*** Begin section ***
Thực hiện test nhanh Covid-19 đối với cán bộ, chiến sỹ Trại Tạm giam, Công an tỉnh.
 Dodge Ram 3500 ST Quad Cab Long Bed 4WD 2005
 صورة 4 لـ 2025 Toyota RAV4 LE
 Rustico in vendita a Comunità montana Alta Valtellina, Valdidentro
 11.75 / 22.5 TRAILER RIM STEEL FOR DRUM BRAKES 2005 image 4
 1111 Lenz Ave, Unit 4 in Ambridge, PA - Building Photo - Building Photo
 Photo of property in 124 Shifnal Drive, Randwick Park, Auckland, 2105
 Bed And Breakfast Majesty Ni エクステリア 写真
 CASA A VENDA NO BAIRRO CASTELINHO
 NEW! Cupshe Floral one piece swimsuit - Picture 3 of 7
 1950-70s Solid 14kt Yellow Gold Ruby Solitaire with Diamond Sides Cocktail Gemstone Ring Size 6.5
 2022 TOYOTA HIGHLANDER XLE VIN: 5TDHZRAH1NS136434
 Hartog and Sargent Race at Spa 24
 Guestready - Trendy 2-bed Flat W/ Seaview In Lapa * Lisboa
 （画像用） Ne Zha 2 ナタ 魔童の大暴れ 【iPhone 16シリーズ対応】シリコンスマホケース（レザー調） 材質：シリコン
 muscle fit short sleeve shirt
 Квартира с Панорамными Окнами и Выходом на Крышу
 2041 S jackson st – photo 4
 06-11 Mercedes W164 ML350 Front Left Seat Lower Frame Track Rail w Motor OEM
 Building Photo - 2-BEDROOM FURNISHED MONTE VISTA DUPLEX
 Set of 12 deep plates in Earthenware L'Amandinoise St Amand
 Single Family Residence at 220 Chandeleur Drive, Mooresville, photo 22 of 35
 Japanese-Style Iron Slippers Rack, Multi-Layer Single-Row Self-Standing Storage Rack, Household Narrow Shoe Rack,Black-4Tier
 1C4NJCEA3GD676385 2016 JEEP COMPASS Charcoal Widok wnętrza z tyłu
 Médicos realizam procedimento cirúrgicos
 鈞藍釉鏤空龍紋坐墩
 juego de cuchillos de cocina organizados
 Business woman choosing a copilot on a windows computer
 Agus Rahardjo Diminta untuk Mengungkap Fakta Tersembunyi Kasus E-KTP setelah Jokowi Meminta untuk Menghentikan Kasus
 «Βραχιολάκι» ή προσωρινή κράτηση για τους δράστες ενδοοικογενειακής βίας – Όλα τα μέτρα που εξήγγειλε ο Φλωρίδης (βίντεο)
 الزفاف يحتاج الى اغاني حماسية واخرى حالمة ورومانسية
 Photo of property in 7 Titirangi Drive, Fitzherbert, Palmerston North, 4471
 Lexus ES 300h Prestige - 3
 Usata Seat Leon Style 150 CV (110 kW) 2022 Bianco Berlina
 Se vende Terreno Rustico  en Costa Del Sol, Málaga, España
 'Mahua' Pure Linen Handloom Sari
*** End section ***
Would you please write out, exactly and with no other lines, the stretch of the listing above from the line containing "Building Photo - 2-BEDROOM" through the line containing "Japanese-Style Iron Slippers"?

* **Task result**:
 Building Photo - 2-BEDROOM FURNISHED MONTE VISTA DUPLEX
 Set of 12 deep plates in Earthenware L'Amandinoise St Amand
 Single Family Residence at 220 Chandeleur Drive, Mooresville, photo 22 of 35
 Japanese-Style Iron Slippers Rack, Multi-Layer Single-Row Self-Standing Storage Rack, Household Narrow Shoe Rack,Black-4Tier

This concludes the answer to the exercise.